Wednesday, 30 September 2015

Skinny Shaming

We have all heard of fat shaming.  We know that it is wrong, and most of us have no tolerance for it.  There is no argument about whether or not fat shaming is wrong, and we applaud women of a larger stature for being proud in their own skin.  We celebrate that confidence.  But when it comes to skinny shaming, I feel that people are very much the opposite.  You might argue that there is no such thing as skinny shaming, because they should just be happy with how they look.  But why is one ok and the other is not.  NO WOMAN, large or small, should be made to feel ashamed in her own skin, especially not by other women. 
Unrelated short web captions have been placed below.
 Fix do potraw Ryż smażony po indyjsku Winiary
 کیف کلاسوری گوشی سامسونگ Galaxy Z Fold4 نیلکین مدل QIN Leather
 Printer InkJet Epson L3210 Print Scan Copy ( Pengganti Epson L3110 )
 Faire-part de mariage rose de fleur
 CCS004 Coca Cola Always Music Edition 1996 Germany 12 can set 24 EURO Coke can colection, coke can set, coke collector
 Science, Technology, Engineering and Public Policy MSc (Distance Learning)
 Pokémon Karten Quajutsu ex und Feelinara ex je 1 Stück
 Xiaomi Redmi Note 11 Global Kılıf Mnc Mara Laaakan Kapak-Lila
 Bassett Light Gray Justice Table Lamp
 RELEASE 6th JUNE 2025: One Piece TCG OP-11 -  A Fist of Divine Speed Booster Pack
I myself am guilty of skinny shaming, without even being aware of it.  I have always been against skinny shaming, and have celebrated women of all shapes and sizes.  But being a larger girl myself, I have been known to playfully call my thinner friends “skinny”.  I do this as a compliment, because for me, I would LOVE to look the way they do.  But I have learned that these comments are not always taken in such a way. 
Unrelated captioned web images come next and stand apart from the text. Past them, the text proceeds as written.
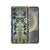 Samsung Galaxy S25 Hoesje Beige Flowers TPU Antishock bloemenprint navy design voorkant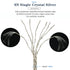 GUCraftsman 3.5mm Stereo Male to 4.4mm Balanced Female Portable Headphone Adapter Cable, 6N Single Crystal Silver for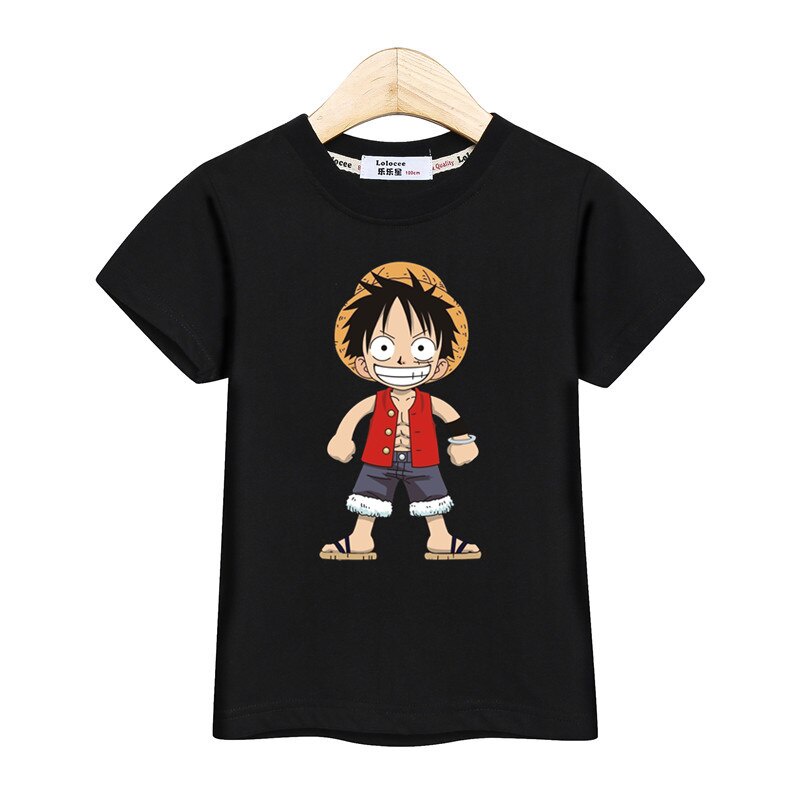 Áo Thun Tay Ngắn In Họa Tiết Hoạt Hình One Piece Thời Trang Mùa Hè Cho Bé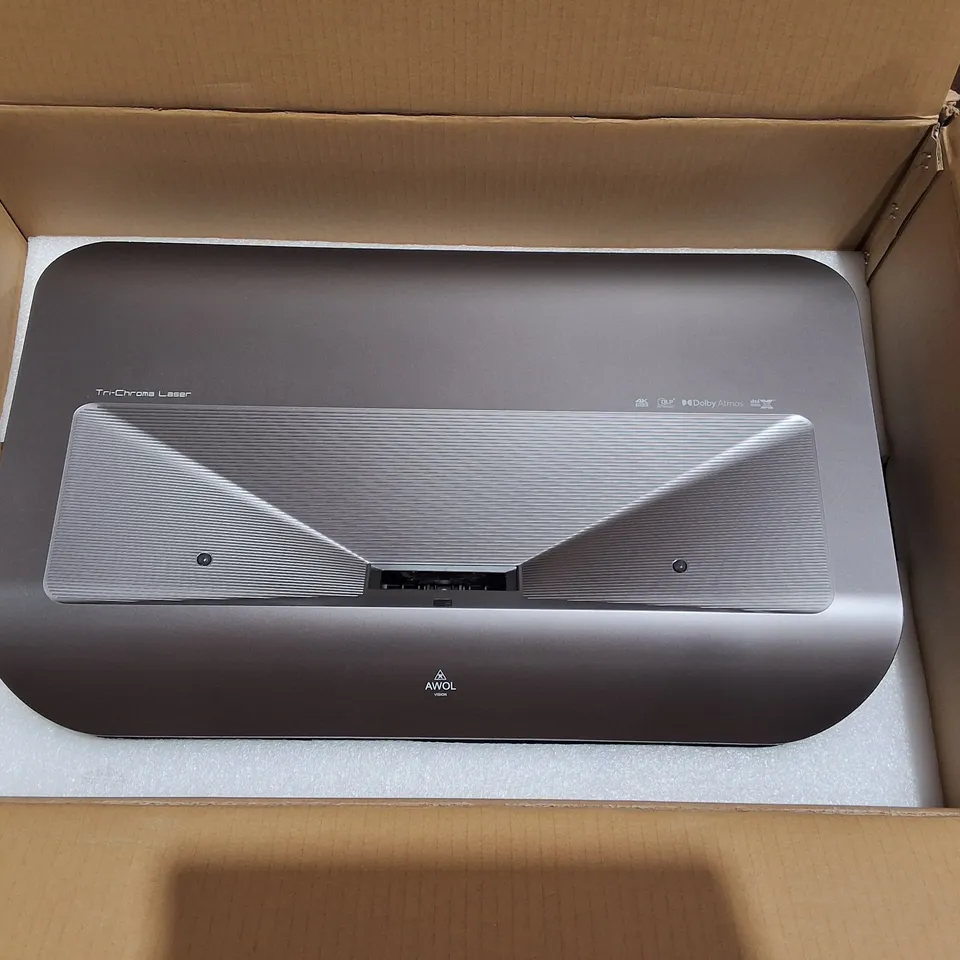 BOXED AWOL 4K TRI-CHROMA LASER PROJECTOR IN SILVER - LTV-2500
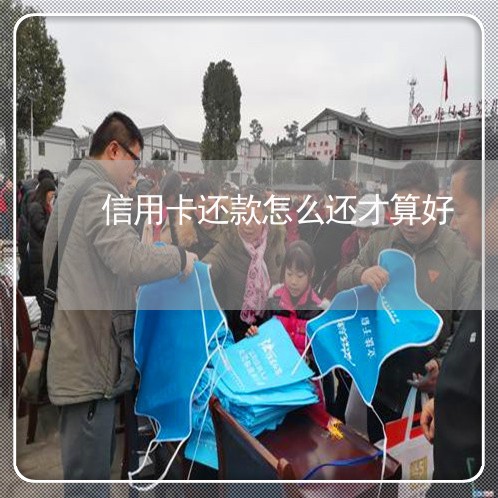 信用卡还款怎么还才算好/2023112524138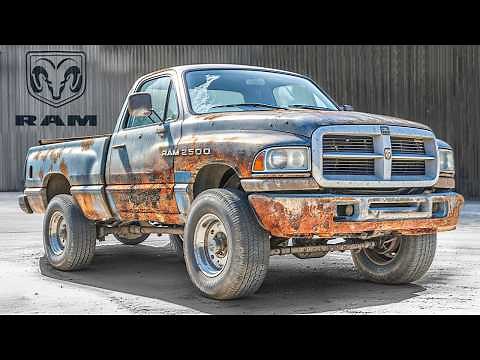 Most Destroyed Dodge Ram Truck Full Restoration​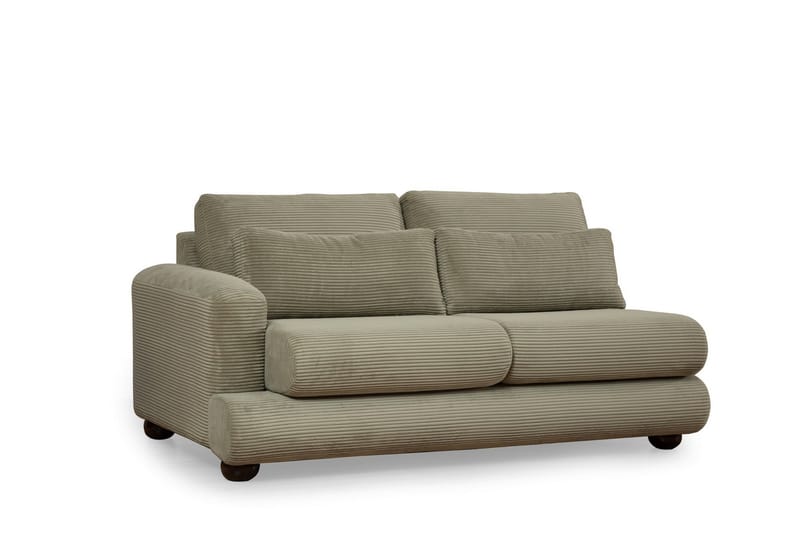 Relento Svängd Soffa 4-sits - Grön - Möbler - Soffa - 4 sits soffa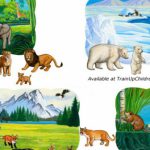 Diversos Animais Diferentes e o seu Habitat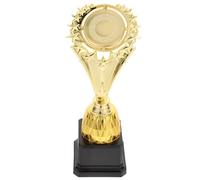 POPETPOP Plastic Trophy Cup for Competitions, Small Compact Sports Award Prize for Knowledge Contests and Dance Events, Customisable Number 5 Trophy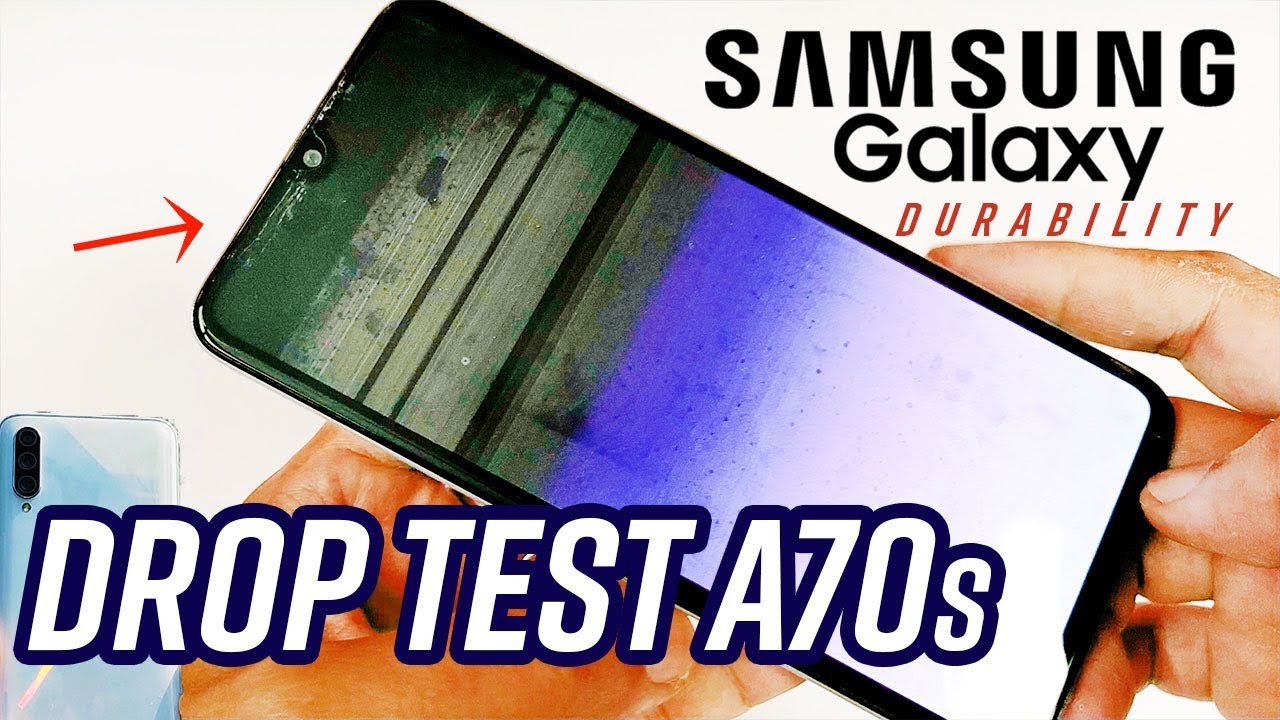 Samsung Galaxy A70s Durability Review - Drop Test Super AMOLED!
I have a gorgeous friend, who has an amazing figure.  She could be a model if she wanted to be, every picture of her looks like an image that should be on the front of a CD cover.  I look at her and I just assume that she is full of confidence.  Why wouldn’t she be?  She’s stunning.  But she’s not full of confidence.  In the time that I’ve known her, I couldn’t tell you the amount of times I’ve seen her get upset because of something that someone has said to her about her weight.  People have told her she needs to eat more (may I add that she eats like a horse), people have told her that she looks like a heroin addict and people (like me) continually call her skinny.  None of these things are ok.  If I told you that someone told me that I needed to eat less because I was too fat, you would agree that that person was an insensitive D-bag.   But why is one ok, and the other is not.
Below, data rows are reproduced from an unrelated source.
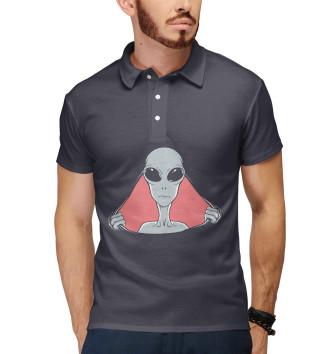 Мужское Рубашка поло Инопланетянин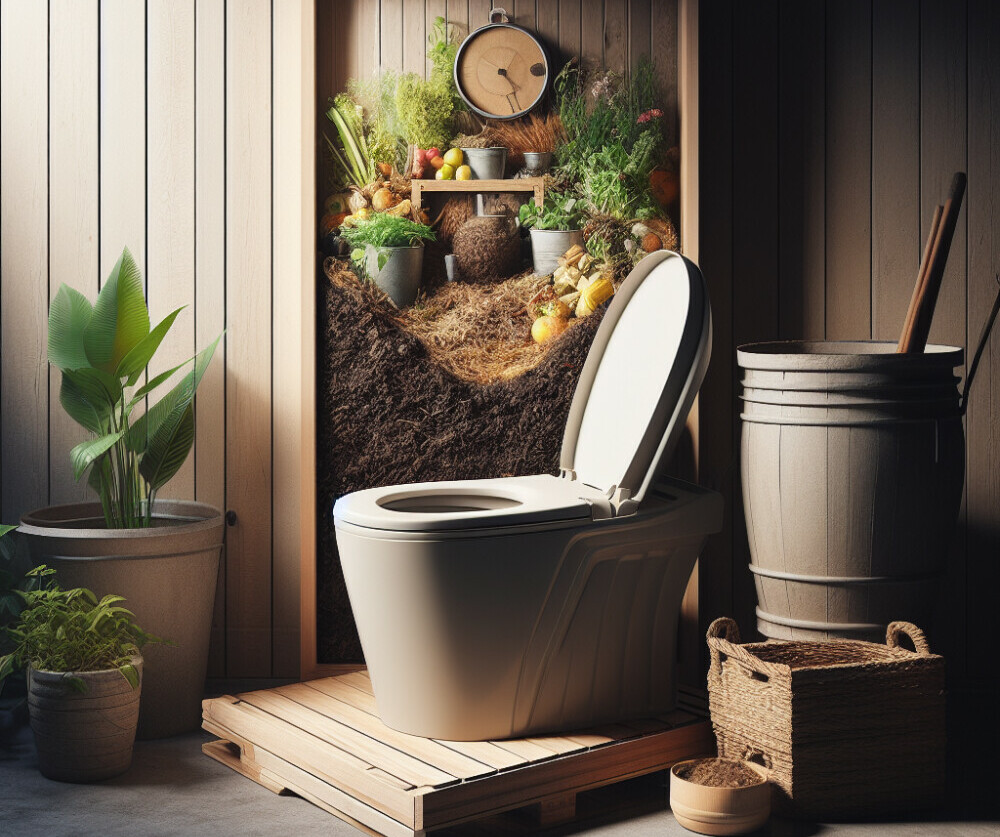 Compost and a composting toilet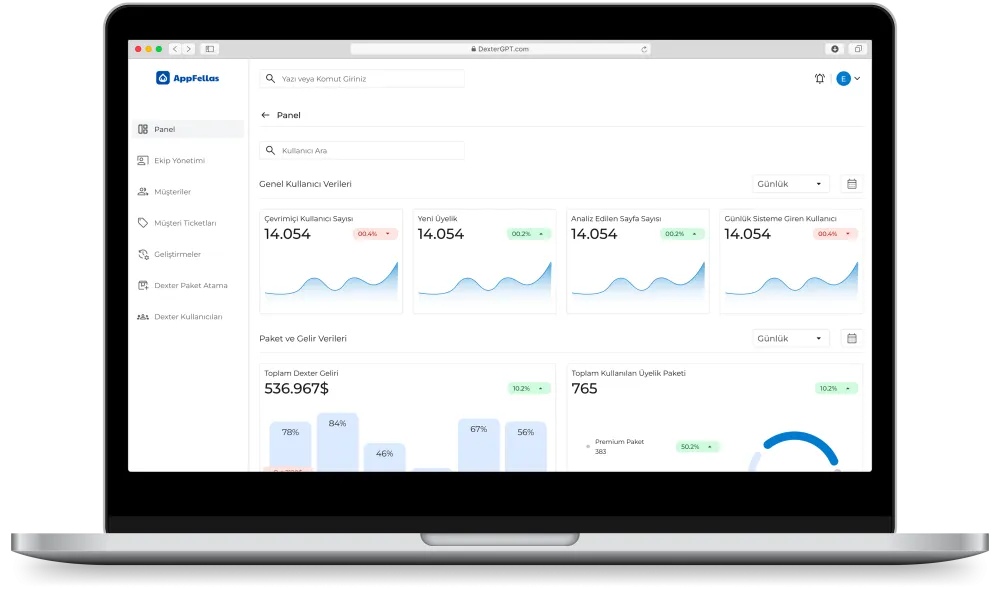 CRM Dashboard — Web Panel UI/UX Design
We celebrate singers like Megan Trainor and Nicki Minaj because they are empowering us to be confident in our bodies.  But they are not; they are skinny shaming women for not having curves.  “I’m bringing booty back, go ‘head and tell them skinny b****es that,” shockingly those are lyrics from Trainor and not from Minaj, I won’t even begin to quote her.  If you replaced the word “skinny” with “fat” there would be uproar, and she would be wildly discredited.  But when it’s skinny shaming, we celebrate it because she’s empowering us.

She’s not.  We should be celebrating women of all size.  We should be empowering each other and celebrate that we are all so different.  That’s what makes life interesting.  It doesn’t make a man shallow for being attracted to a more slender woman, just like it doesn’t make him any less shallow for being attracted to a woman with curves.  We are all beautiful in our own way, and hopefully there will always be someone out there that will be attracted to us, but none of that matters if you don’t absolutely love yourself.  We need to empower each other to love ourselves, not body shame and put down, in order to build ourselves up.


I am not writing this to put blame on anyone.  Like I have said, I have been guilty of this in the past.  But knowledge is power, and when I know better I do better.  I know the effect words can have on people.  We need to think not about how we mean for things to be taken, but about how they are received by the people we are saying them to.  We all have the power to build up or tear down, if we build each other up; think of how strong we could be.  Stop body shaming of any kind, and celebrate our differences, they are beautiful.